Segment Start: Data
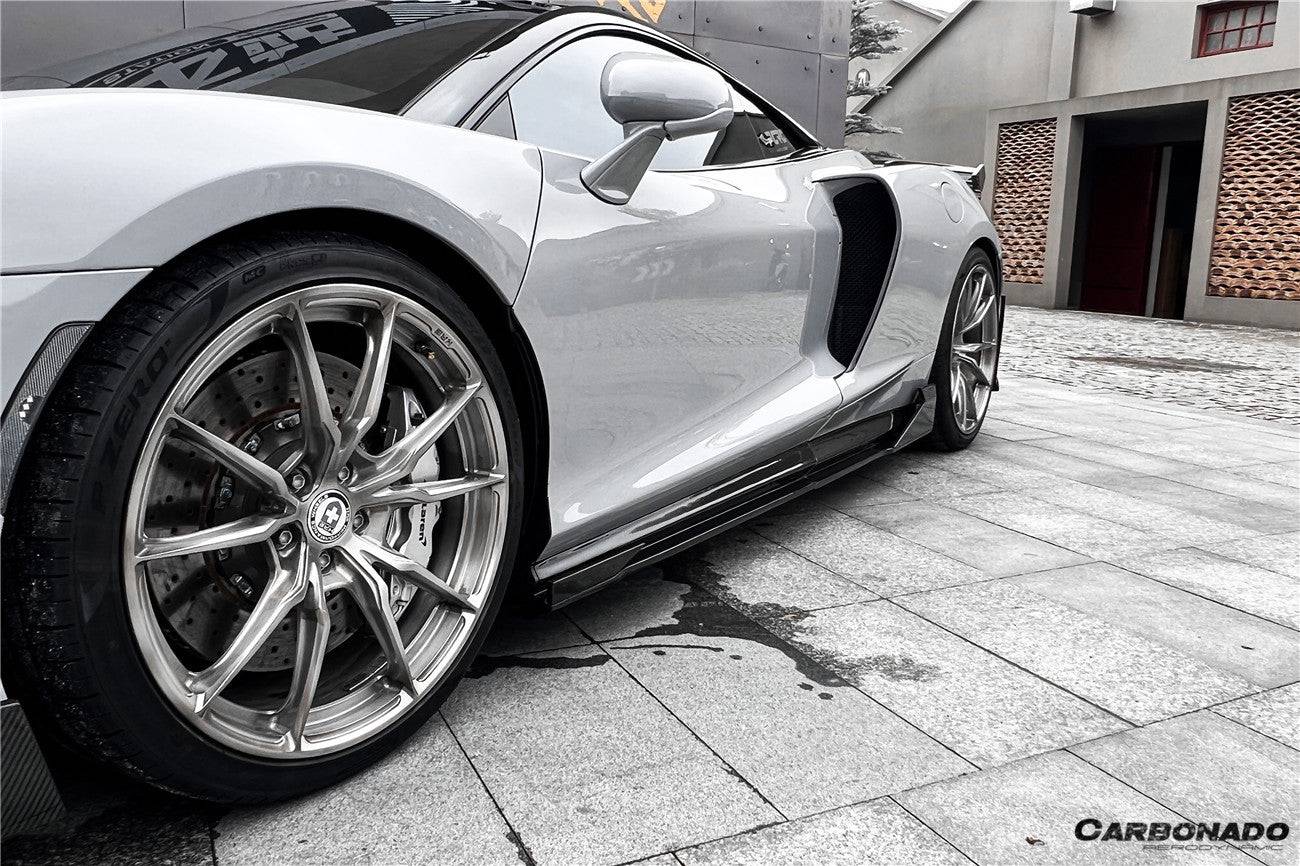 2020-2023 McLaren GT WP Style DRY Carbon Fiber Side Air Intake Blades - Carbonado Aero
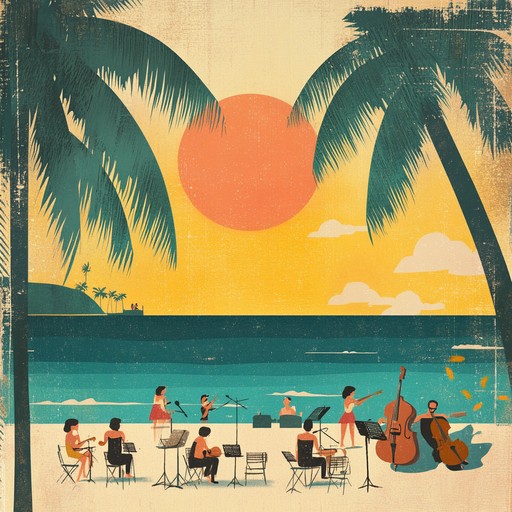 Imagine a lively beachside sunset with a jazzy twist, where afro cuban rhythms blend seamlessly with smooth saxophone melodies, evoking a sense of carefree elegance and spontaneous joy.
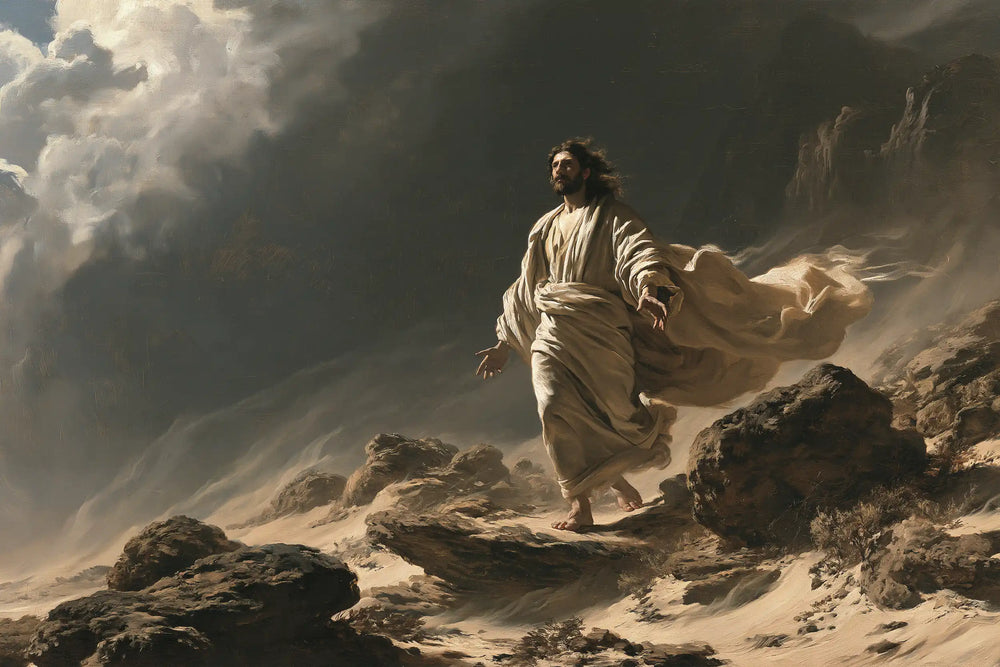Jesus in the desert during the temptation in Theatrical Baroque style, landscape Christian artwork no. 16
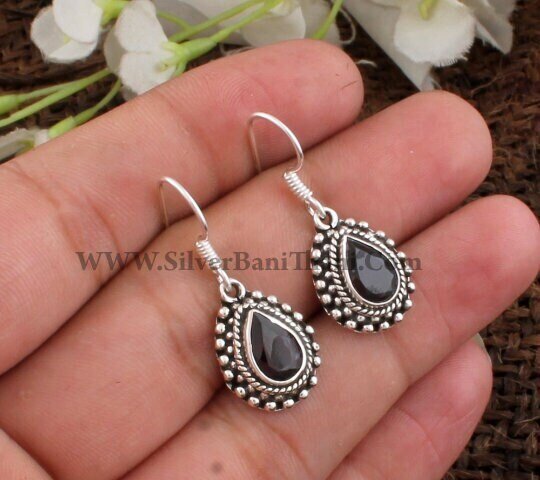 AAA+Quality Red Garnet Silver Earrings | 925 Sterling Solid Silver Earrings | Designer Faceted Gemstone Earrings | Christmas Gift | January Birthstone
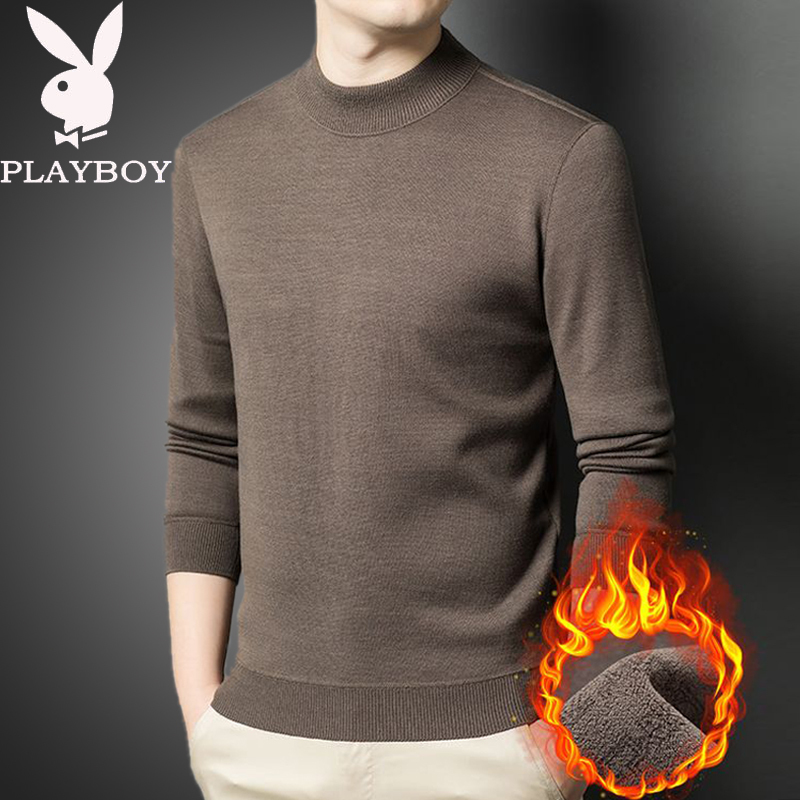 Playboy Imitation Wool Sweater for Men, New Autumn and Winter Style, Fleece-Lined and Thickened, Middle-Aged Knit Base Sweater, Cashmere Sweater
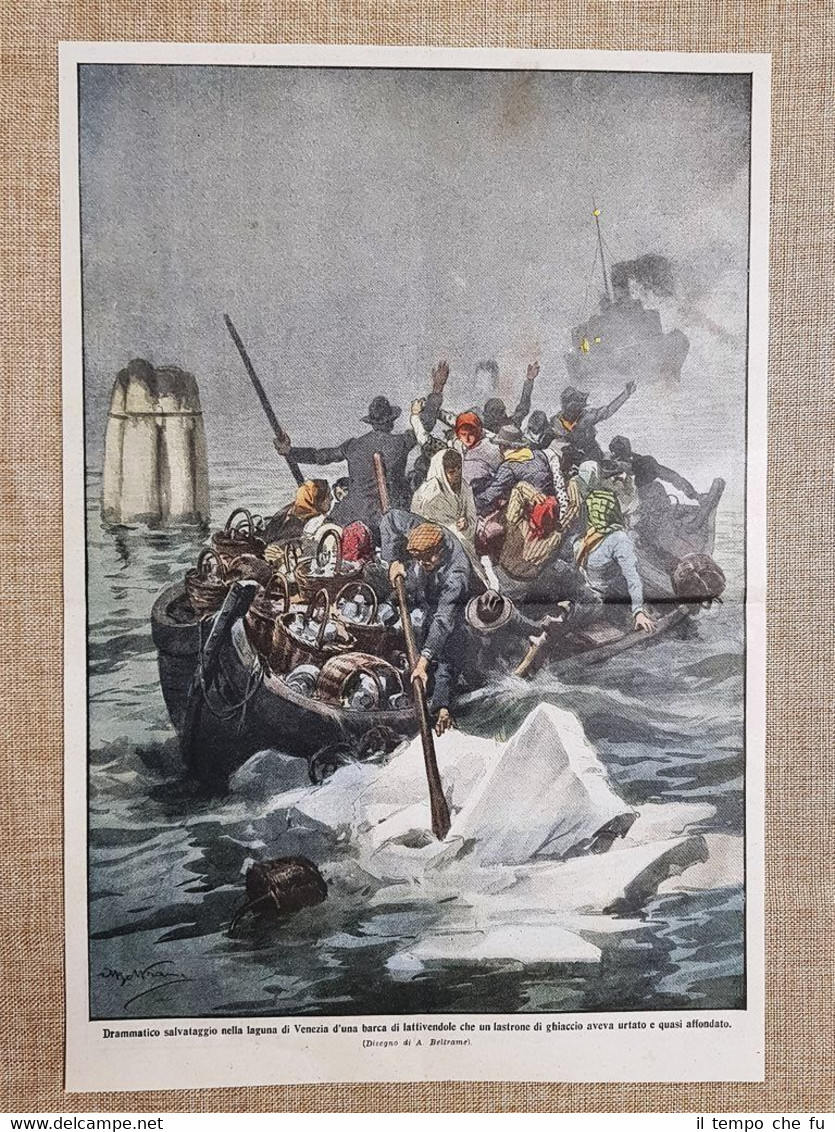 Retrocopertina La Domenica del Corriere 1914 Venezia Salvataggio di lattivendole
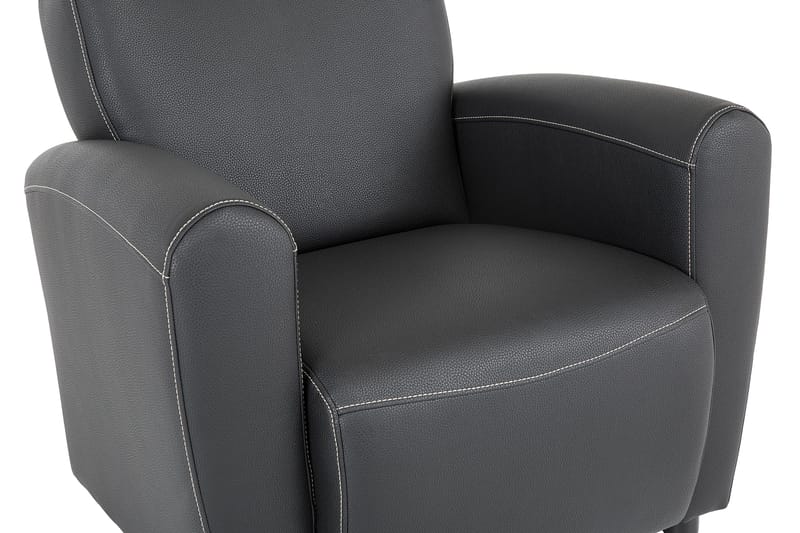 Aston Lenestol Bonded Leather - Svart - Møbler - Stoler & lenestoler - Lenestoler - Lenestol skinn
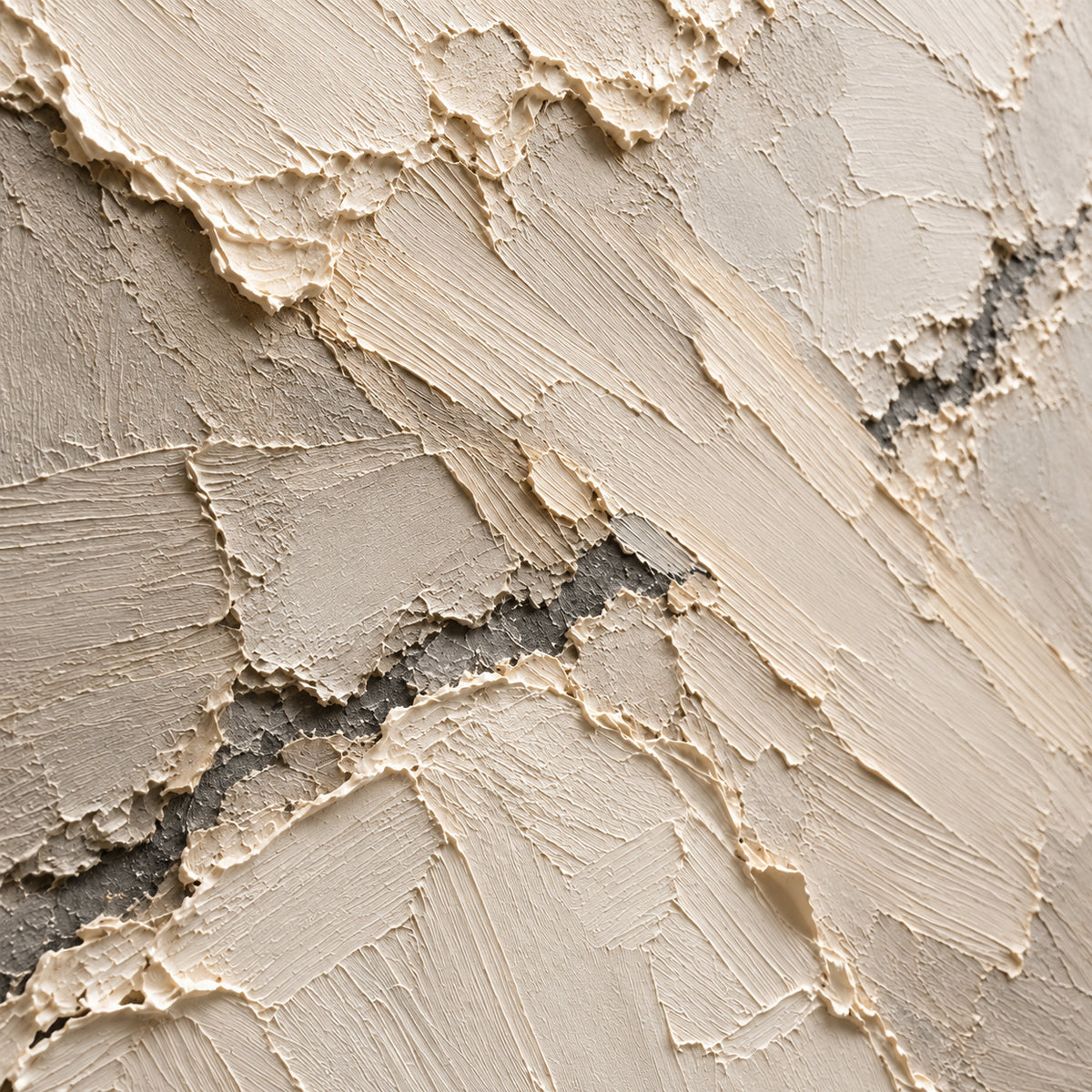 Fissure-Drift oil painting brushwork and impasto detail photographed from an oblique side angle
Segment End: Data
Work to complete - Each line above is to be copied verbatim. Drop any image from the copy.

Reply to the task -
 2020-2023 McLaren GT WP Style DRY Carbon Fiber Side Air Intake Blades - Carbonado Aero
 Imagine a lively beachside sunset with a jazzy twist, where afro cuban rhythms blend seamlessly with smooth saxophone melodies, evoking a sense of carefree elegance and spontaneous joy.
Jesus in the desert during the temptation in Theatrical Baroque style, landscape Christian artwork no. 16
 AAA+Quality Red Garnet Silver Earrings | 925 Sterling Solid Silver Earrings | Designer Faceted Gemstone Earrings | Christmas Gift | January Birthstone
 Playboy Imitation Wool Sweater for Men, New Autumn and Winter Style, Fleece-Lined and Thickened, Middle-Aged Knit Base Sweater, Cashmere Sweater
 Retrocopertina La Domenica del Corriere 1914 Venezia Salvataggio di lattivendole
 Aston Lenestol Bonded Leather - Svart - Møbler - Stoler & lenestoler - Lenestoler - Lenestol skinn
 Fissure-Drift oil painting brushwork and impasto detail photographed from an oblique side angle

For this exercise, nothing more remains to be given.